Beatriz Pagés
Después del triunfo contundente del PRI en las elecciones del 3 de julio, a este partido le corresponde pensar en México.
A diferencia de la orgía de caníbales en la que se encuentran inmersos los integrantes del PRD, culpándose mutuamente por la debacle de su partido, el PRI tiene la oportunidad histórica y la obligación política de remontar el terreno de las ambiciones personales, para colocar ojos y oídos, pensamiento y corazón en la construcción de un proyecto de cambio nacional.
El priísmo no puede volver a equivocarse. Tiene que hacer una lectura correcta, inteligente y visionaria de lo que sucedió el domingo pasado.
La victoria tricolor en cuatro estados de la república fue consecuencia, sin duda, del acierto en la elección de los candidatos, de los saldos positivos que dejaron gobiernos como el del Estado de México y Coahuila, de la solidez y funcionamiento de la estructura partidista, pero también y sobre todo de la desesperación ciudadana con respecto al fracaso acumulado de dos sexenios panistas.
México va a llegar al 2012 con más de 50 millones de pobres y con 100 o 200 mil muertos como consecuencia de la guerra contra el narcotráfico; con un número todavía indeterminado de desplazados y desaparecidos.
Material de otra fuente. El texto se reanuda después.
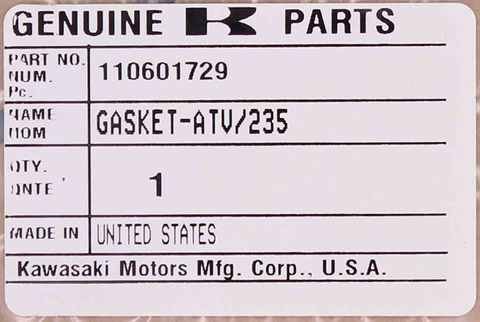 Kawasaki KA GASKET,GENERATOR COV PN 11060-1729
Con un crecimiento nulo del producto interno bruto y un deterioro institucional nunca visto.
Para decirlo rápido: la futura gobernabilidad de la nación sólo podrá darse a partir de la reconstrucción de sus bases estructurales. Podría afirmarse, sin exagerar, que estamos ante una nación “rota” que necesita urgentemente de una revolución política, económica, jurídica y social para poder sobrevivir.
Esta revolución —este cambio— sólo podrá darse a partir de un gran pacto. De un pacto nacional precedido, necesariamente, de un acuerdo entre los diferentes grupos del PRI.
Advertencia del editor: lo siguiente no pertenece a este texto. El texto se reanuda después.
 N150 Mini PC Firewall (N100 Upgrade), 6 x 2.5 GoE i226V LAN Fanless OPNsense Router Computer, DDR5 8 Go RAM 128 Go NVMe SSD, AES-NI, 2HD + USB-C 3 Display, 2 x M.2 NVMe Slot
México no le perdonaría al PRI —ya no lo perdonaría una vez más— el absurdo error de dividirse por privilegiar el “personalismo” por encima del interés nacional; y menos permitir la intromisión de manos extrañas, ajenas al partido, para, a través de la intriga, confrontarlo y llevarlo a la derrota.
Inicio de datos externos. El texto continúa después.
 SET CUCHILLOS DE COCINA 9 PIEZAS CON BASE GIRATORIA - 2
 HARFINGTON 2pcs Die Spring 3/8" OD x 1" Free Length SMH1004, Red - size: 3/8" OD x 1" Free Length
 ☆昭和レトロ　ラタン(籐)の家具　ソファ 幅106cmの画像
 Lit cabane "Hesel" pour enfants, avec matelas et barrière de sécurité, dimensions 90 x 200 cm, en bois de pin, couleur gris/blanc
¿Por qué el PRI no puede dividirse? Porque significaría dejar el país en manos de una derecha empobrecedora, que ya mostró sobradamente su ignorancia política y vocación elitista, o a la deriva de una izquierda caótica que ahondaría el resquebrajamiento del tejido social.
Lo que está en juego es mucho más que una candidatura a la Presidencia de la República. Mucho más que un proyecto o derecho personal. Y esto deben tenerlo claro quienes hoy aspiran al cargo. Penden de un hilo muy delgado la paz, la soberanía y el futuro de 113 millones de mexicanos.
El enemigo, entonces, no está adentro, sino enfrente. El peligro radica en que el crimen organizado roba cada vez más conciencia y territorio, y en que la pobreza ha llegado a extremos que insultan la dignidad y los derechos humanos.
Bajo un cielo político mediocre, de ineptitud y corrupción gubernamental, de zozobra y miedo ciudadano, la sociedad aspira a que alguien abra un hueco entre las nubes grises para poder mirar el horizonte.
Esa ventana la puede abrir el PRI, siempre y cuando sus principales actores no se equivoquen. Siempre y cuando logren pensar como estadistas, antes que como marionetas manipuladas por su simple y burda ambición.
Muchos mexicanos están esperando que ese partido dé señales de haber aprendido la lección. Por México, ya no más pugnas, ya no más sangre. No más Colosios. No más Madrazos. Nunca más el error.